There’s tension housed between them.
John Hogan, president of Montville company Blue Nail LLC, said that’s because of a separation between those two estates that once existed. Now, increasingly, they’re coming together.
From the roofing side, where Hogan’s perspective comes in, there were issues in the past that stemmed from disconnected projects leading to disconnects in responsibilities (and warranty plans).
“It happens to us plenty: We do a roof on which (solar) panels are installed by another company, months later,” he said. “There’s a reported leak in the roof underneath the panels, often from penetrations through the roof during the panel installation. But the solar company pushes back on that, and it’s a whole big game of pointing fingers at each other.”
The difference today? Both sides are trying to get into the other’s line of business, bundling solar energy and roofing into one solution.
“It’s basically an arms race,” Hogan said. “Solar and roofing are colliding. So, the question is, who can do it first? The solar companies that want to become roofers or the roofing companies that want to become solar?”
Hogan’s local company is the first roofer in New Jersey to do installations of a product that’s bridging the gap between those business sectors in a real way.
The product is referred to as Timberline Solar Energy Shingles, a technology recently introduced by GAF Energy, sister unit of North America’s largest roofing company, Parsippany-based GAF. These are nailable solar roof shingles, installed just as regular asphalt roofing shingles would be on a structure.
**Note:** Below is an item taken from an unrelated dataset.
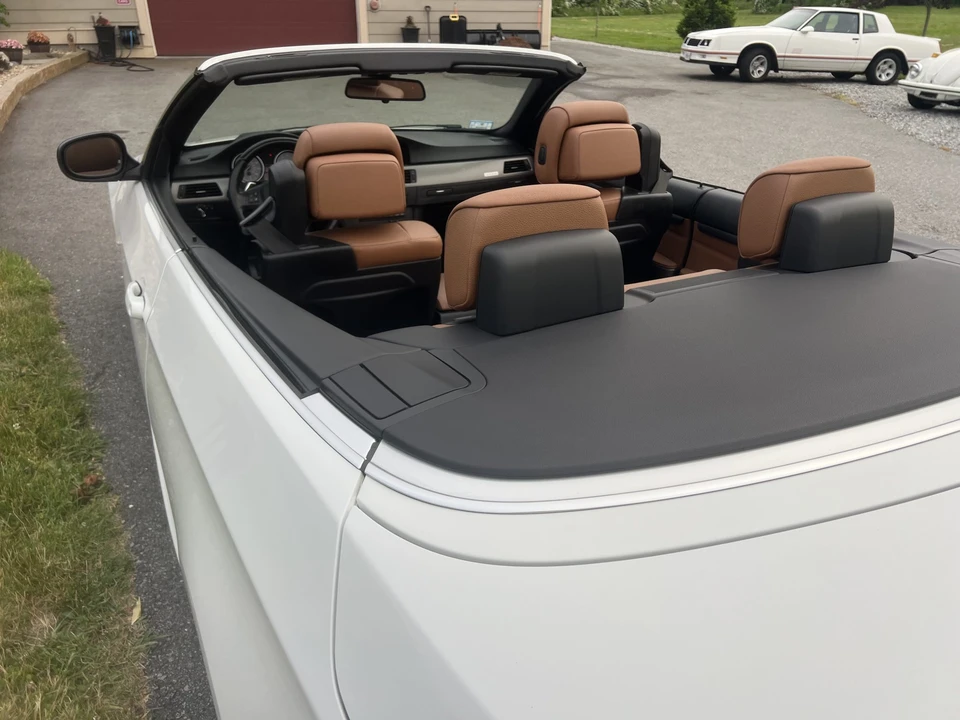 2011 BMW E93 335i Convertible - Image 31 of 31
As solar companies and roofers try to do what each other does for customers, Hogan said his local company decided to bet on this California-based company’s solution. It’s taking that leap even though the Garden State isn’t in GAF’s service zone and, so, Blue Nail has to do all the engineering, permitting and other back-end work before installing these shingles themselves.
It has been convinced by the competitive advantage GAF claims to have over traditional solar panels, which need to be reinstalled when roofs need replacing, and also can’t be installed on dated roofs. He argues there’s also leaf traps, bird and insect nesting problems and other maintenance issues that come up with rack-mounted solar panels.
“With this, there’s no questions,” Hogan said. “Everything is under warranty with one company. On top of that, there’s less risk of leaks and, aesthetically, it looks better — much less bulky because the shingles lay flush.”
The process of installing the solar shingles itself is the easy part, he added. The components are nailed down in a similar way to what roofing companies do with regular roof shingles.
Blue Nail has worked closely with GAF on becoming a certified installer of the product, which Hogan explained has few competitors right now in the solar shingle space. Tesla engineered solar roof tiles, he said, but that’s been marketed less for the average homeowner and more toward a high-end customer.
Pricewise, there’s not a lot of available information on this new combination of roofing and solar power. It’s touted as a cheaper alternative to the option Tesla rolled out.
“And, I would say, in general, it’s difficult to compare to the price of traditional panels because it’s part of a roofing installation — but it’s comparable,” Hogan said. “You save money by subtracting the asphalt shingles on a new roof installation. And, when you consider that, it comes out to about the same cost.”
There’s also tax credits and incentive programs in New Jersey contributing to the sales approach, which is one of the biggest areas of change for a roofing company dipping their feet into the solar market.
“It is a big transition on the sales side,” Hogan said. “The reason people want to go solar is because they value being eco-friendly and because they want to save money and see an ROI on their cash flow. That’s a whole different presentation and talk than describing the protections and value of a roof.”
Hogan expects more roofing companies in the region will be going through their own transitions over the next five to eight years, when he expects these products to become more mainstream.
“It’s really just the start of something that’s going to continue to evolve and get better,” he said. “And, right from the start, we’re seeing a good demand for it.”